Nightingale shifted uncomfortably in his chair. ‘I don’t think it’s a good idea,’ he said. ‘Tempting fate.’

‘What do you mean?’

‘I’ve been getting enough shitty messages from beyond the grave recently. I can do without one in my fortune cookie.’ He nodded at the plate. ‘You open it for me. As part of your secretarial duties.’

‘I think it’s bad luck to open someone else’s fortune,’ she said.

‘Jenny, bad luck is the only sort of luck I’ve been having lately,’ he said. ‘I don’t think you opening my cookie is going to make it any worse.’

‘Suit yourself,’ she said. She cracked open the cookie and looked at the fortune inside. Her eyes widened and she sat back in her chair. ‘Oh my God,’ she gasped, putting a hand up to her mouth.

‘What?’ said Nightingale, leaning forward. ‘What does it say?’

‘It’s horrible,’ she said, shaking her head. ‘It’s so, so horrible . . .’

‘Jenny, show me,’ said Nightingale, holding out his hand.

Jenny’s face broke into a grin. ‘You’re so bloody gullible sometimes,’ she said, waving the fortune in his face. ‘You need to relax.’ She held it with both hands and read it to him. ‘Your life will be happy and peaceful.’ She laughed. ‘I think this one’s mine.’ She gave it to Nightingale and he shook his head as he read it.

‘I’d settle for happy and peaceful,’ he said. ‘Who writes these things?’

Jenny shrugged. ‘They’re supposed to make you feel good,’ she said. ‘If you feel good you’ll come back to the restaurant. Positive reinforcement.’ She put three twenty-pound notes onto the plate.

‘At least let’s split it,’ said Nightingale, reaching for his wallet.

‘I said I’d buy you dinner,’ said Jenny.

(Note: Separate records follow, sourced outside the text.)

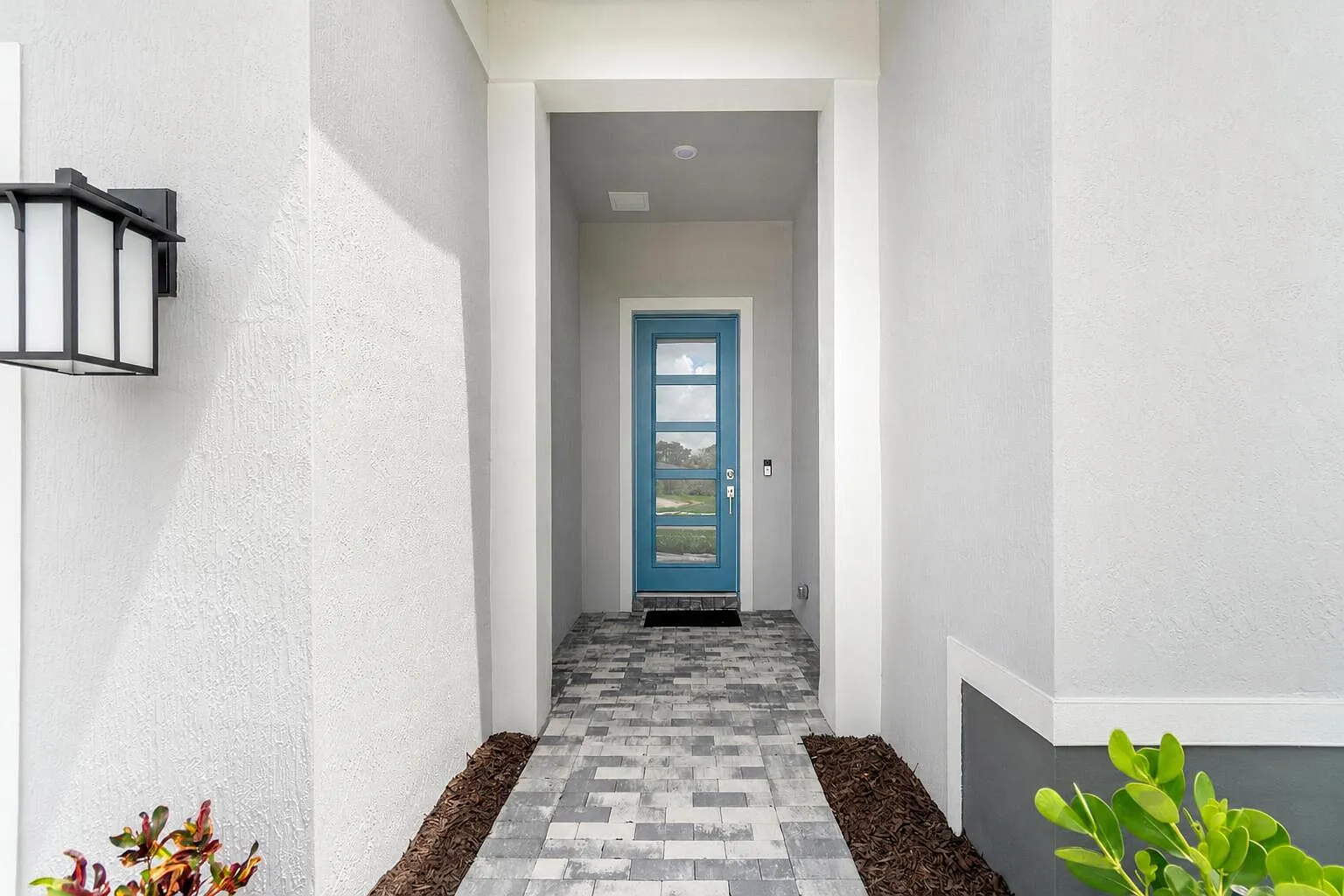 3 bed, 2.5 bath, 2080 sqft, $4,200 — Photo 4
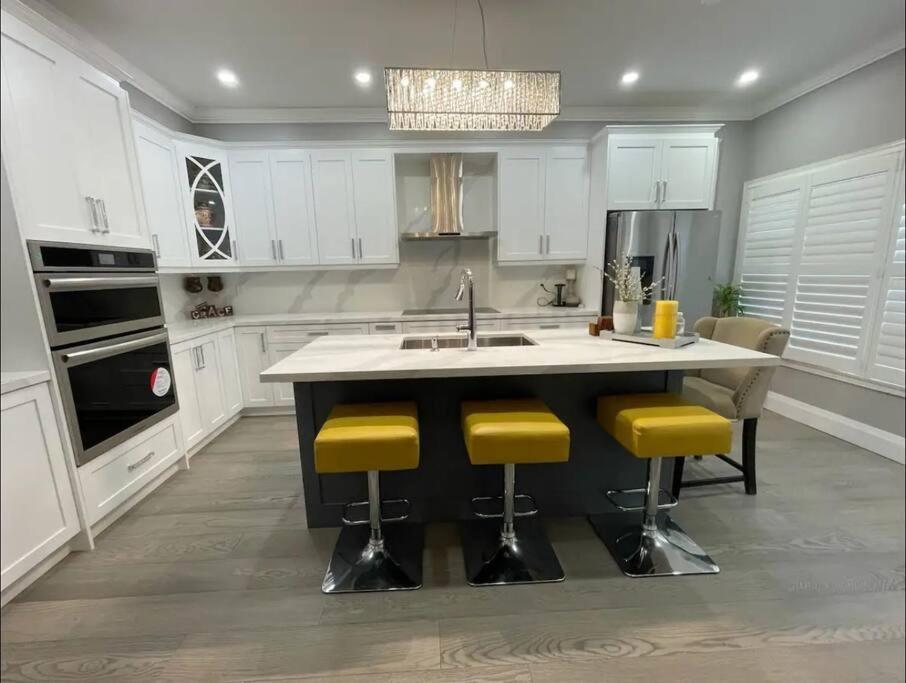 Elegant & Luxurious 3 Bedroom Home Mississauga Dış mekan fotoğraf
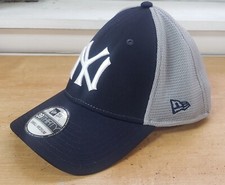 NEW ERA MENS 39THIRTY STRETCH FIT HAT SMALL/MEDIUM, NAVY BLUE/GRAY NEW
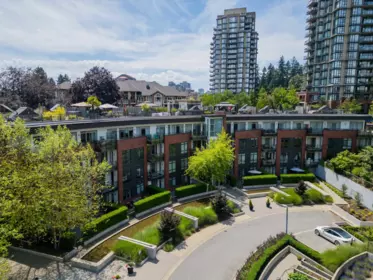 303 20 E Royal Avenue, New Westminster, BC, New Westminster — Apartment/Condo for sale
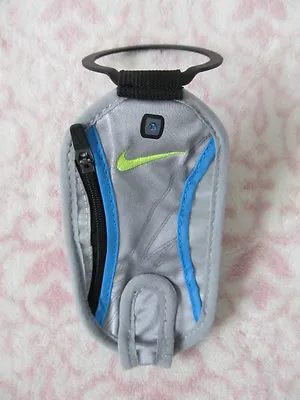 $11.66 • Buy Nike Hand Held Water Bottle Wallet / Pouch Color Wolf Grey/Blue Glow/Volt 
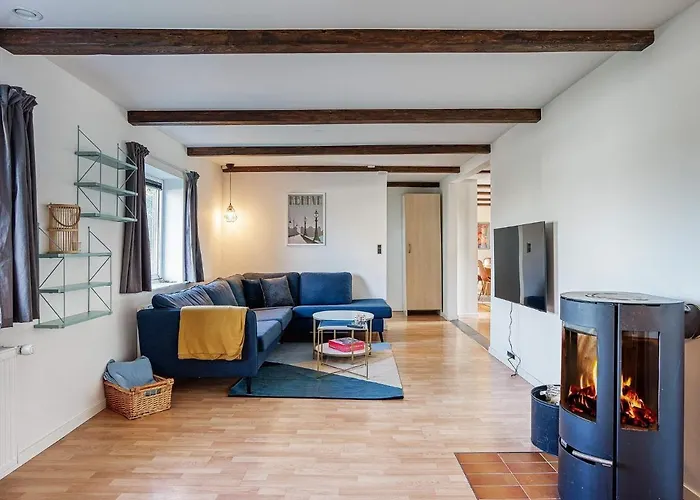 Cozy Vacation Near Holiday home
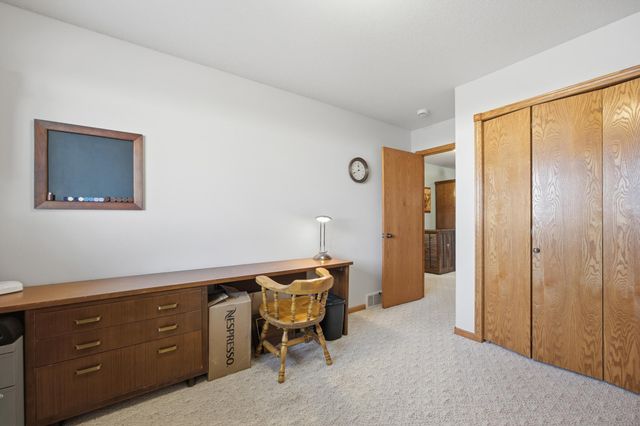 3200 7th Avenue N, Moorhead, MN 56560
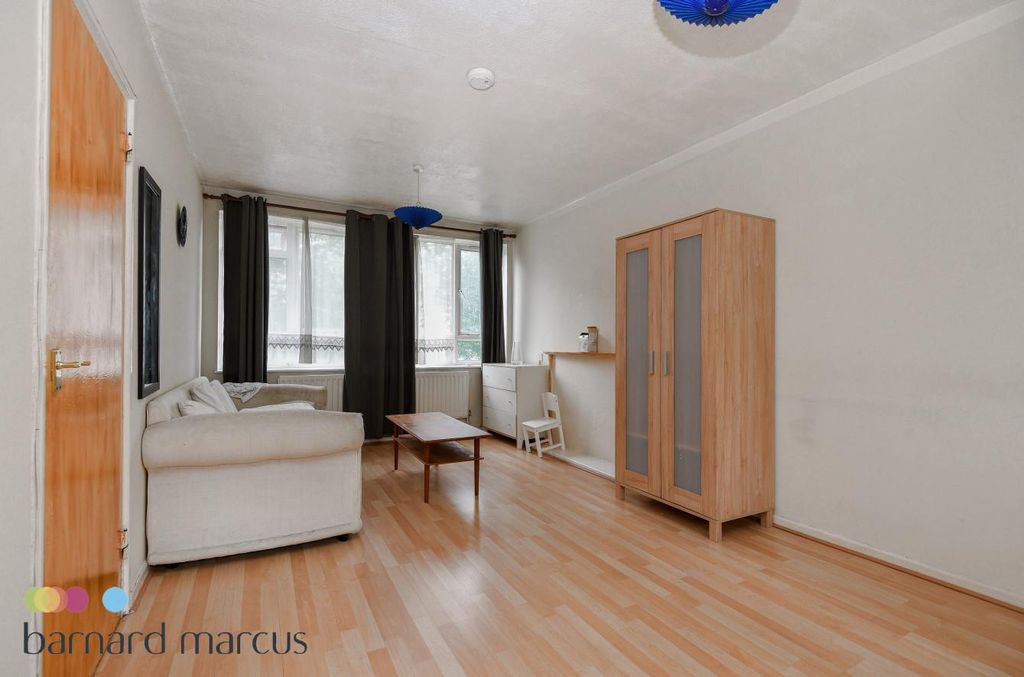 Property photo 1 of 6 View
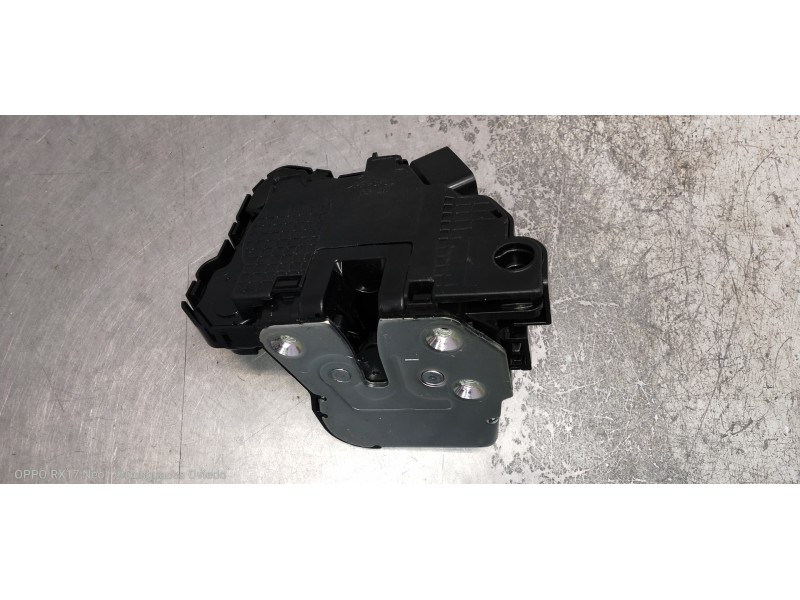 Recambio de motor cierre centralizado delantero izquierdo para hyundai i20 klass referencia OEM IAM 81310Q0000  5P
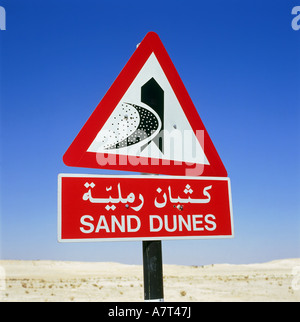 Close-up del cartello di avviso Foto Stock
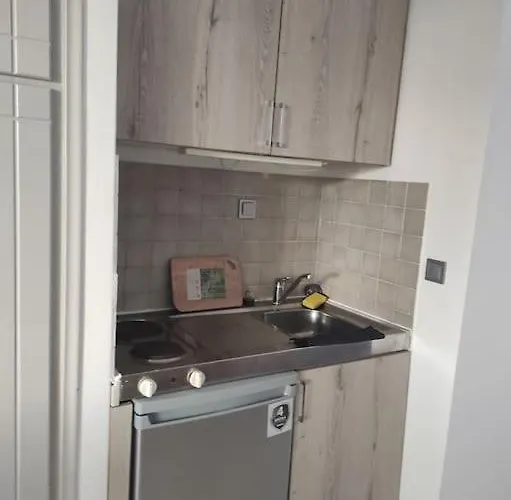 Villageroom1 Korakokhórion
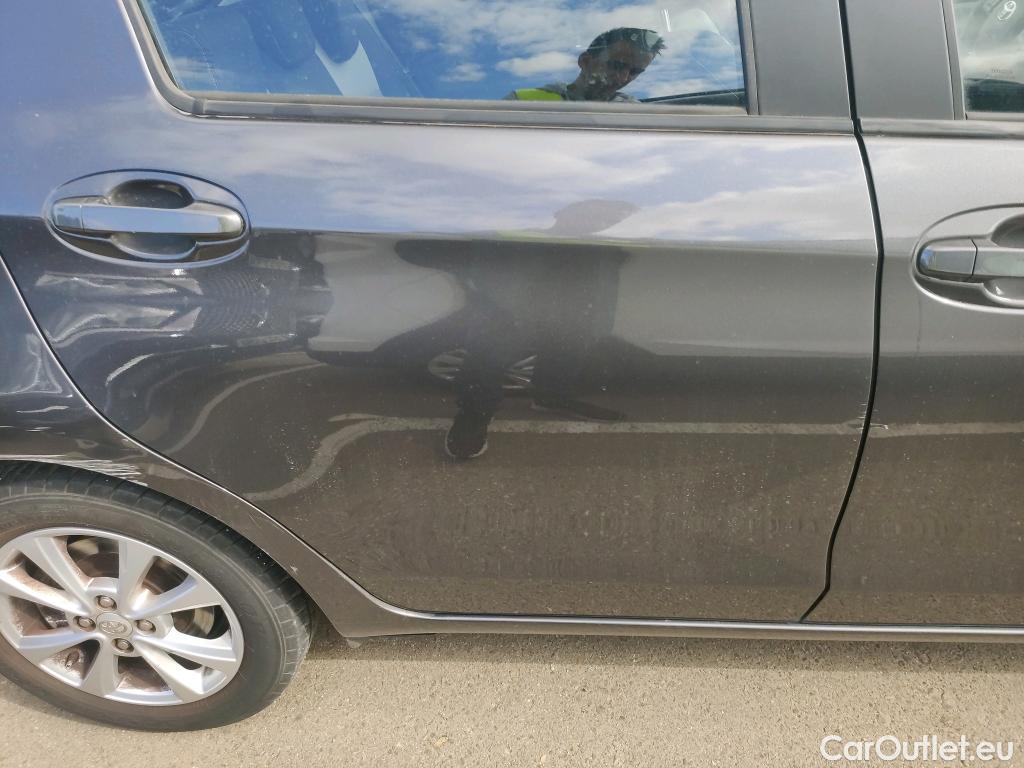  Toyota  Yaris TOYOTA  / 2017 / 5P / berlina con portón 1.5 100H Active Tech #25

The old waitress came over and Jenny told her that she should keep the change. As they headed for the door, a young Chinese man with gelled hair and a single diamond earring handed Jenny her coat and helped her on with it.

A small Chinese girl, who barely reached Nightingale’s shoulder, gave him his raincoat. He smiled at her but she stared stonily at him, her eyes as dark as polished coal. ‘Your sister is going to Hell, Jack Nightingale,’ she said, her voice flat and robotic.

‘What?’ said Nightingale. ‘What did you say?’

The girl’s face creased into a smile showing grey teeth and receding gums. ‘I say hope see you again,’ she said.

Jenny put a hand on his arm. ‘What’s wrong?’ she asked.

‘Nothing,’ said Nightingale. ‘But I’m not hopeful about that happy and peaceful forecast.’